--- Exercise input Enclosed Below ---

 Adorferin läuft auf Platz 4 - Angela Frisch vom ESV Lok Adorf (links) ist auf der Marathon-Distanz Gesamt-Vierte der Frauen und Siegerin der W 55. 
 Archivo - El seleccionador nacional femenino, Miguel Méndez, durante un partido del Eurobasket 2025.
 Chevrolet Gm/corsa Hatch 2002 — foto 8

--- End of Enclosed Exercise input ---
--- Exercise input Enclosed Below ---

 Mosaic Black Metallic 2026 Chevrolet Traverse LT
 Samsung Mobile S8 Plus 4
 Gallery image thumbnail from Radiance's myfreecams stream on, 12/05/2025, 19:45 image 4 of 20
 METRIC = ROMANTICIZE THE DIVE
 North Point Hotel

--- End of Enclosed Exercise input ---

■ Work instructions
Each line in the entries above, starting at the line with "Adorferin läuft auf" and ending at the line with "Chevrolet Gm/corsa Hatch 2002 — foto 8", is to be printed exactly, and only those lines.

■ Result for this exercise
 Adorferin läuft auf Platz 4 - Angela Frisch vom ESV Lok Adorf (links) ist auf der Marathon-Distanz Gesamt-Vierte der Frauen und Siegerin der W 55. 
 Archivo - El seleccionador nacional femenino, Miguel Méndez, durante un partido del Eurobasket 2025.
 Chevrolet Gm/corsa Hatch 2002 — foto 8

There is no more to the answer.